Top of Supplied records

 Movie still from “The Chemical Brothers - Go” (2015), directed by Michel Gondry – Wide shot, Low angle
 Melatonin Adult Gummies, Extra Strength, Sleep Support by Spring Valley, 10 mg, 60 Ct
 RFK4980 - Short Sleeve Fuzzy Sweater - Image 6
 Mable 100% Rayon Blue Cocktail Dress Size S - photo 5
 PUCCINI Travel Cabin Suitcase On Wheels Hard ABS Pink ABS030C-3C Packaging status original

Bottom of Supplied records
Top of Supplied records

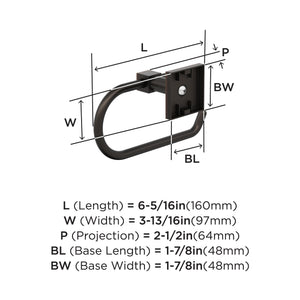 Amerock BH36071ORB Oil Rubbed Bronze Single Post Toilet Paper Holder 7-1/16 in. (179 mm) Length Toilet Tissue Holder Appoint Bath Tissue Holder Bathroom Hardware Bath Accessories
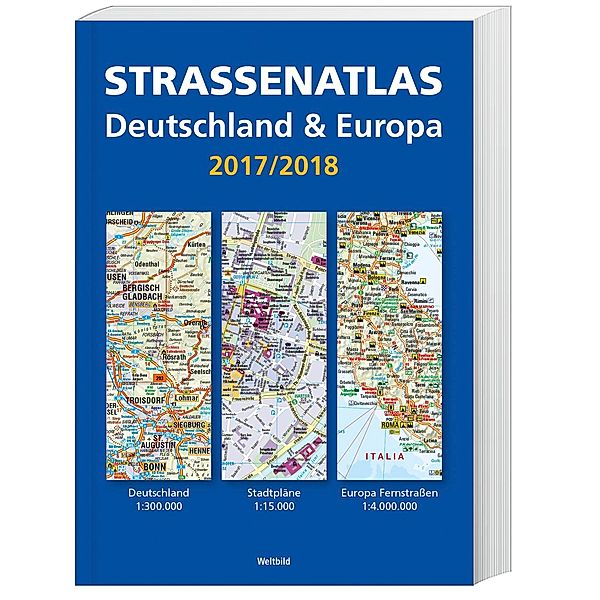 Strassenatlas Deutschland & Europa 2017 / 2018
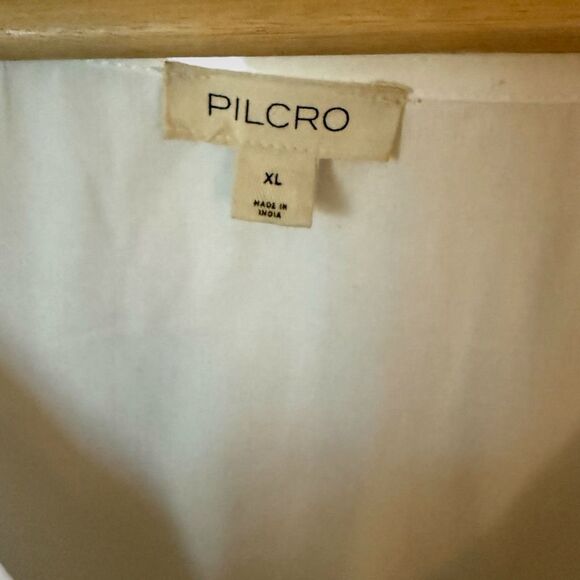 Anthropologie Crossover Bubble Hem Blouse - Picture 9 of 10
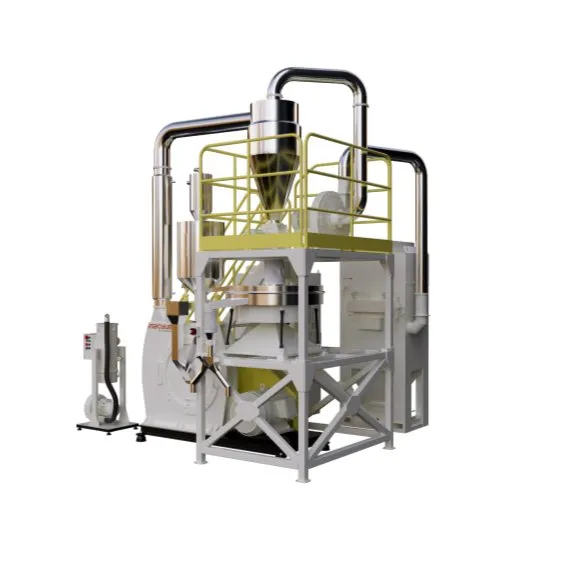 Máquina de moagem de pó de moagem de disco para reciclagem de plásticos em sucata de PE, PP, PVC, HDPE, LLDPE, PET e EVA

Bottom of Supplied records
Top of Supplied records

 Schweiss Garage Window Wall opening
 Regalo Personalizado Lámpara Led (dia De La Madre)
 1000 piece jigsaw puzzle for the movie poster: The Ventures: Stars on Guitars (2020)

Bottom of Supplied records

The lines to extract from the data above begin with the line containing "Movie still from" and end with the line containing "PUCCINI Travel Cabin". Extract them exactly, including both.

 Movie still from “The Chemical Brothers - Go” (2015), directed by Michel Gondry – Wide shot, Low angle
 Melatonin Adult Gummies, Extra Strength, Sleep Support by Spring Valley, 10 mg, 60 Ct
 RFK4980 - Short Sleeve Fuzzy Sweater - Image 6
 Mable 100% Rayon Blue Cocktail Dress Size S - photo 5
 PUCCINI Travel Cabin Suitcase On Wheels Hard ABS Pink ABS030C-3C Packaging status original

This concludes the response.